Hamburg. Der Zensus kommt Hamburg teuer zu stehen – die Hintergründe und Details. Zieht der Senat wieder vor das Verfassungsgericht?

Der aktuelle „Zensus 2022“, nach dem die Einwohnerzahl Hamburgs um fast 64.000 Menschen auf 1,81 Millionen nach unten korrigiert wurde, hat schwerwiegende Auswirkungen auf die Stadt. Wie die Finanzbehörde auf Abendblatt-Anfrage mitteilte, entgehen Hamburg dadurch rund 190 Millionen Euro im Jahr – Geld, das möglicherweise irgendwo eingespart werden muss.

Der Behörde zufolge setzt sich die Summe zusammen aus rund 130 Millionen Euro, die die Hansestadt mehr in den Länderfinanzausgleich einzahlen muss und 60 Millionen Euro, die man bei der Umsatzsteuerverteilung zwischen Bund, Ländern und Gemeinden verliere. Wie das kompensiert werden soll, ist noch offen.

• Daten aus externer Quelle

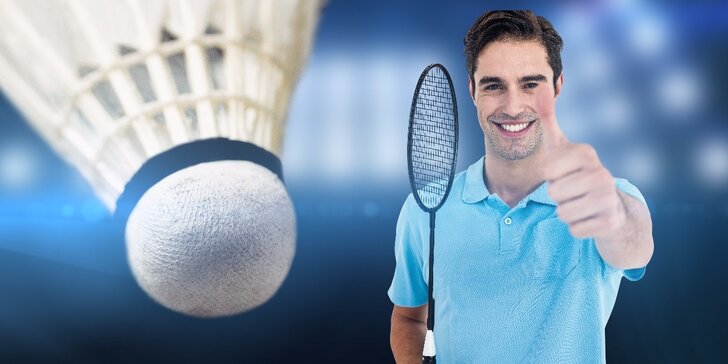 Hodina badmintonu ve Sportovním klubu Troja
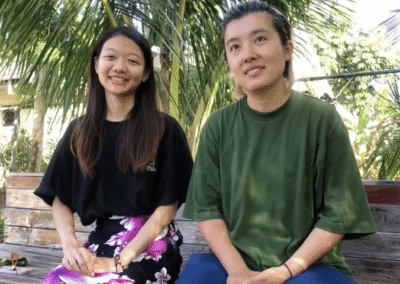 Tenny and Anna in Fiji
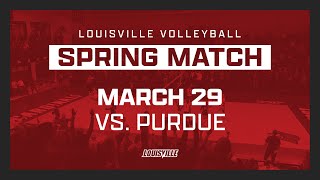 Louisville vs Purdue Volleyball  March 29 2024 Hamilton Southeastern High School [upl. by Drolet956]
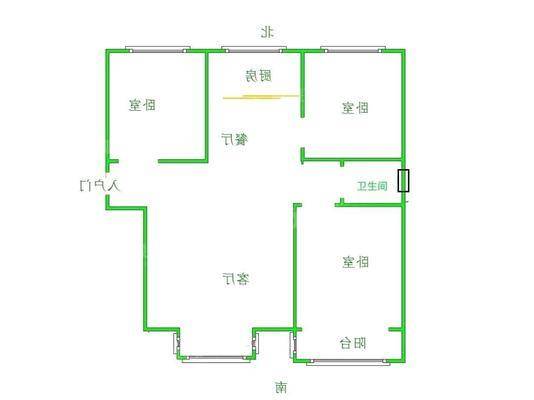凤凰城（B区）3室2厅1卫112㎡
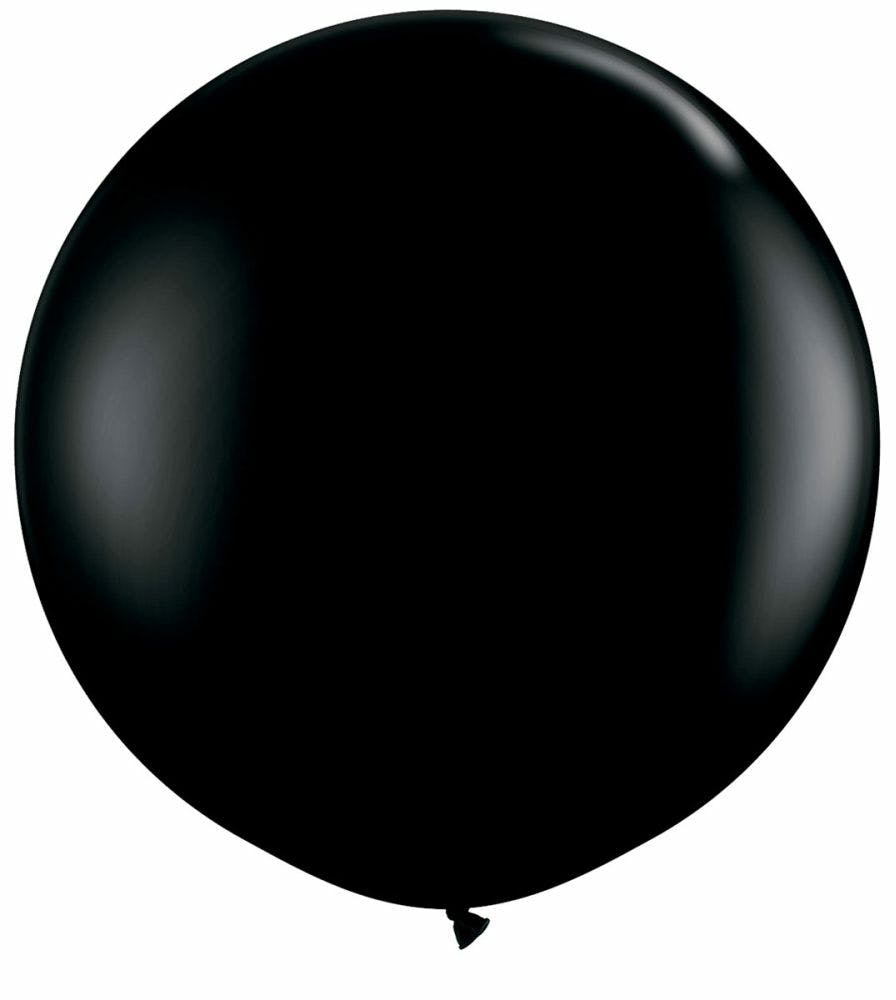 Ballon Zwart 90 Cm (1 Stuk)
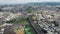 Taichung,Taiwan-Jun 21:Aerial top view Provincial highway 74 Next to the Dongying Park.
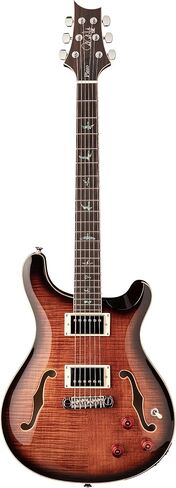 PRS Paul Reed Smith 6 String SE Hollowbody II Piezo، انفجار الذهب الأسود، اليمين (105537:BG) in Saudi Arabia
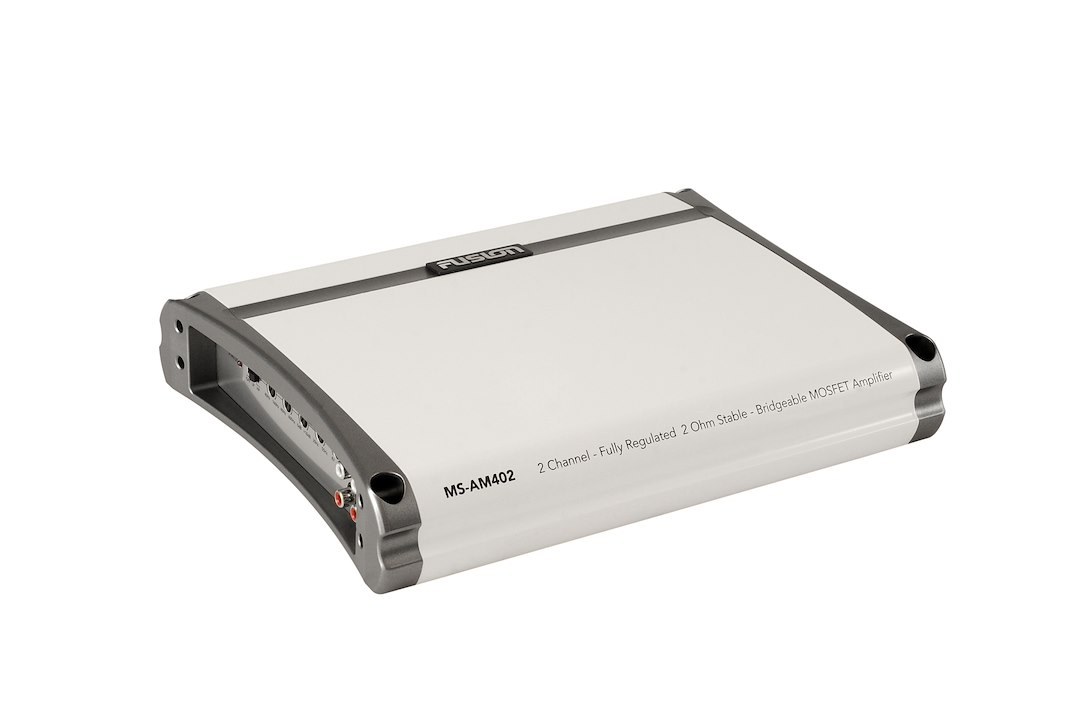 Fusion Elec Amplifier, AM Series, 2 Channel, 400 Watts Peak Power – 010-01499-00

Zensus: Hamburg gehen 190 Millionen Euro pro Jahr verloren

„Die Zensus-Ergebnisse können auch Auswirkungen auf den Steuertrend haben“, sagte Finanzsenator Dressel Andreas (SPD). Dieser Trendwert, der die realen Einnahmen der vergangenen 14 Jahre in die Zukunft fortschreibt, ist die Basis für die Haushaltsplanung des Senats. Für den kürzlich vorgestellten Haushaltsplanentwurf 2025/2026 besteht laut Finanzbehörde zwar noch kein Korrekturbedarf.

Dennoch gilt: „Inwieweit das weitergehende Folgen hat und sogar geringfügige Konsolidierungsbedarfe auslöst, hängt von den realen Steuereinnahmen im Übrigen ab“, so Dressel. 190 Millionen Euro entsprechen knapp einem Prozent des Hamburger Haushaltsvolumens von 20 Milliarden Euro – eine Summe, die die Stadt nicht umwerfen, aber eine spürbare Lücke reißen würde.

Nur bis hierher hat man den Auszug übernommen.